*** Block opens ***

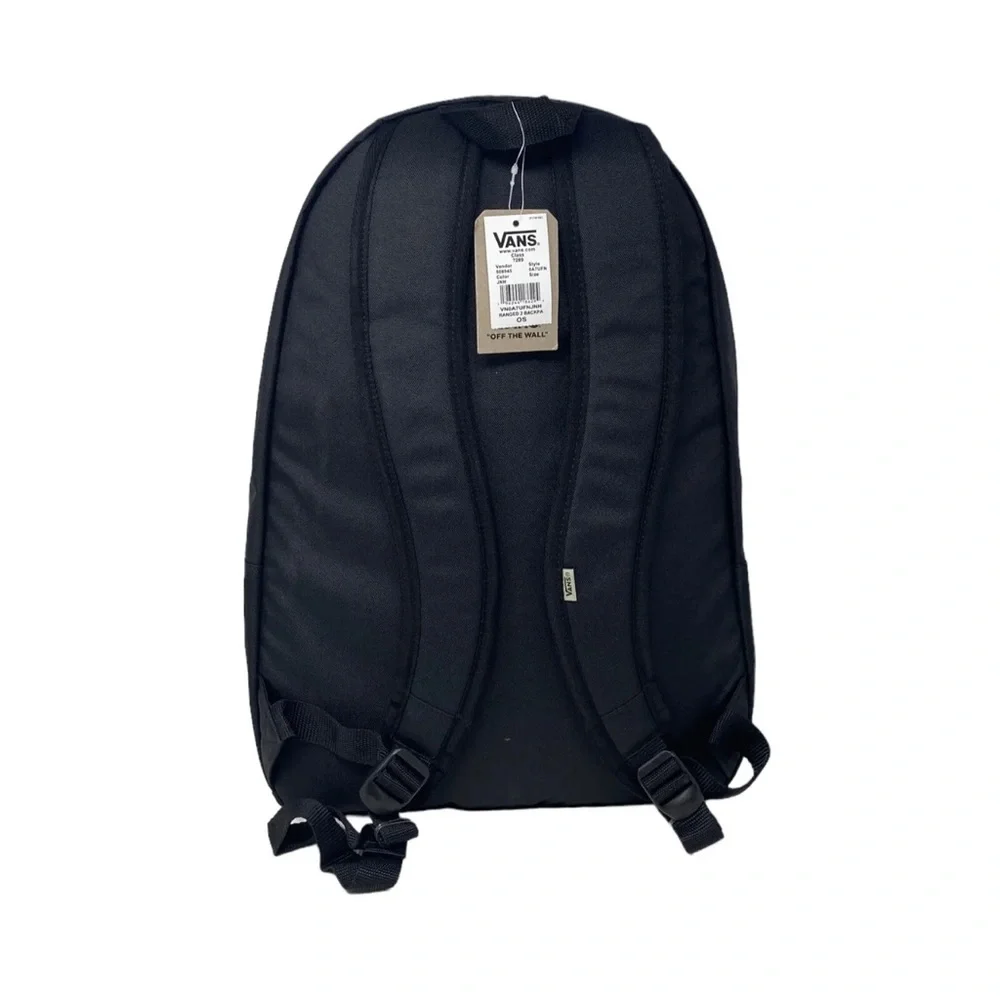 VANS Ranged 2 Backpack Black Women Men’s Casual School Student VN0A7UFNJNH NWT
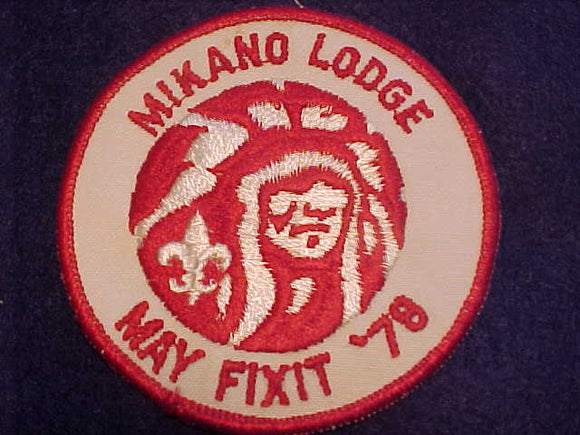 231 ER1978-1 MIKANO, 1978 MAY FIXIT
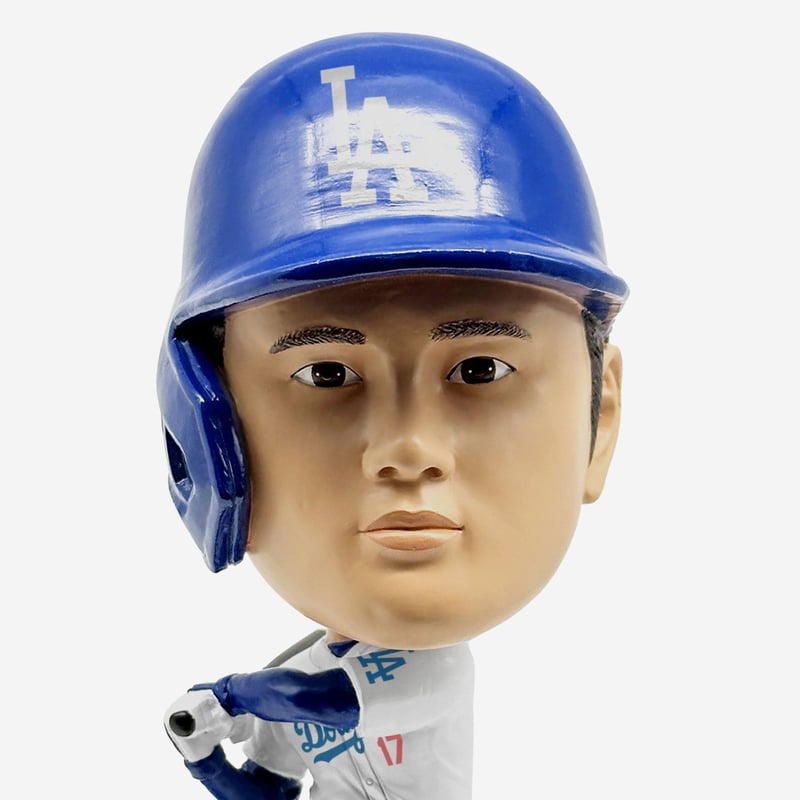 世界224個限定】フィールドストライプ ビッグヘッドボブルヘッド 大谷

*** Block closes ***

What you are asked to do: What the answer needs is every line from the one with "231 ER1978-1 MIKANO, 1978 MAY FIXIT" through the last line of the data, reproduced word for word and with pictures omitted.

Task response:
 231 ER1978-1 MIKANO, 1978 MAY FIXIT
 世界224個限定】フィールドストライプ ビッグヘッドボブルヘッド 大谷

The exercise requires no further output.